Rho Ceti

Observation data Epoch J2000.0 Equinox J2000.0 (ICRS)
- Constellation: Cetus
- Right ascension: 02^{h} 25^{m} 57.006^{s}
- Declination: −12° 17′ 25.708″
- Apparent magnitude (V): 4.885

Characteristics
- Evolutionary stage: subgiant
- Spectral type: A0 V
- U−B color index: +0.001
- B−V color index: −0.037

Astrometry
- Radial velocity (R_{v}): +18.9±2.0 km/s
- Proper motion (μ): RA: −11.596 mas/yr Dec.: −9.786 mas/yr
- Parallax (π): 5.8054±0.1358 mas
- Distance: 560 ± 10 ly (172 ± 4 pc)
- Absolute magnitude (M_{V}): −0.85

Details
- Mass: 2.3 M_{☉}
- Radius: 6.3 R_{☉}
- Luminosity: 328 L_{☉}
- Surface gravity (log g): 3.56 cgs
- Temperature: 9,505 K
- Rotational velocity (v sin i): 219 km/s
- Age: 72 Myr
- Other designations: ρ Cet, 72 Cet, BD−12°451, FK5 1066, HD 15130, HIP 11345, HR 708, SAO 148385

Database references
- SIMBAD: data

= Rho Ceti =

A-type main sequence star in the constellation Cetus

Rho Ceti is a star in the equatorial constellation of Cetus. Its name is a Bayer designation that is Latinized from ρ Ceti, and abbreviated Rho Cet or ρ Cet. This star is faintly visible to the naked eye with an apparent visual magnitude of 4.885. The distance to this star, based upon an annual parallax shift of 5.81 mas, is around 560 light years. It is drifting further away with a line of sight velocity component of +19 km/s.

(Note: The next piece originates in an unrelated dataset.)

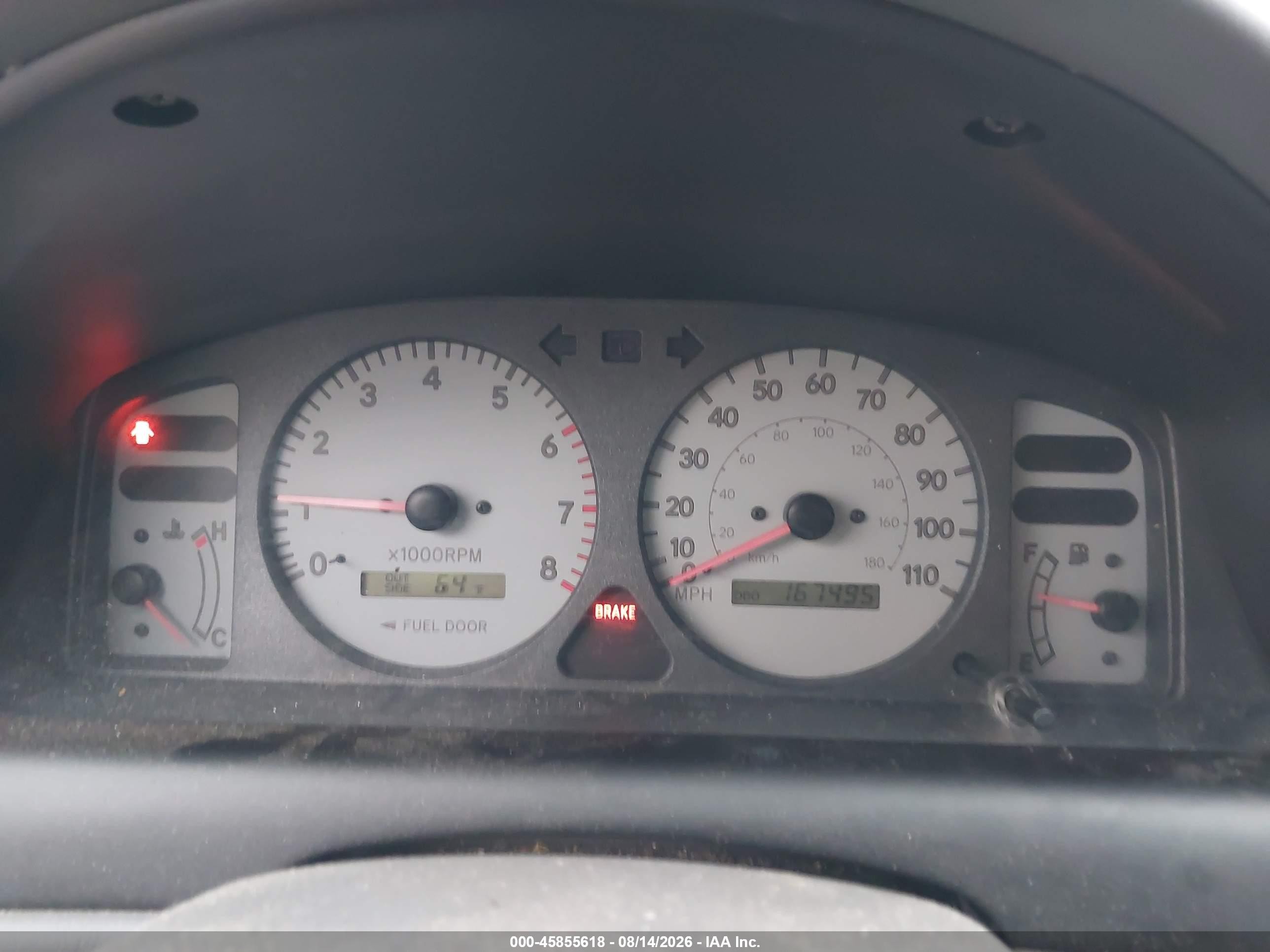1998 Toyota Corolla Ce Бордовый vin: 1NXBR12E7WZ080990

This star has a stellar classification of A0 V, which is presenting as an A-type main sequence star. However, it may be in the subgiant stage of its evolution. It is spinning rapidly with a projected rotational velocity of 219 km/s, giving the star an oblate shape with an equatorial bulge that is 10% larger than the polar radius. The star has an estimated size 6.3 times the radius of the Sun and is radiating 328 times the solar luminosity from its outer atmosphere at an effective temperature of ±9505 K.

==Name==
This star, along with π Cet, ε Cet and σ Cet, was Al Sufi's Al Sadr al Ḳaiṭos, the Whale's Breast.

According to the catalogue of stars in the Technical Memorandum 33-507 - A Reduced Star Catalog Containing 537 Named Stars, Al Sadr al Ḳaiṭos were the title for four stars :this star (ρ Cet) as Al Sadr al Ḳaiṭos I, σ Cet as Al Sadr al Ḳaiṭos II, ε Cet as Al Sadr al Ḳaiṭos III and π Cet as Al Sadr al Ḳaiṭos IV.

In Chinese, 芻蒿 (Chú Hāo), meaning Hay, refers to an asterism consisting of ρ Ceti, 77 Ceti, 67 Ceti, 71 Ceti, HD 14691 and ε Cet. Consequently, the Chinese name for ρ Ceti itself is 芻蒿一 (Chú Hāo yī, the First Star of Celestial Meadows.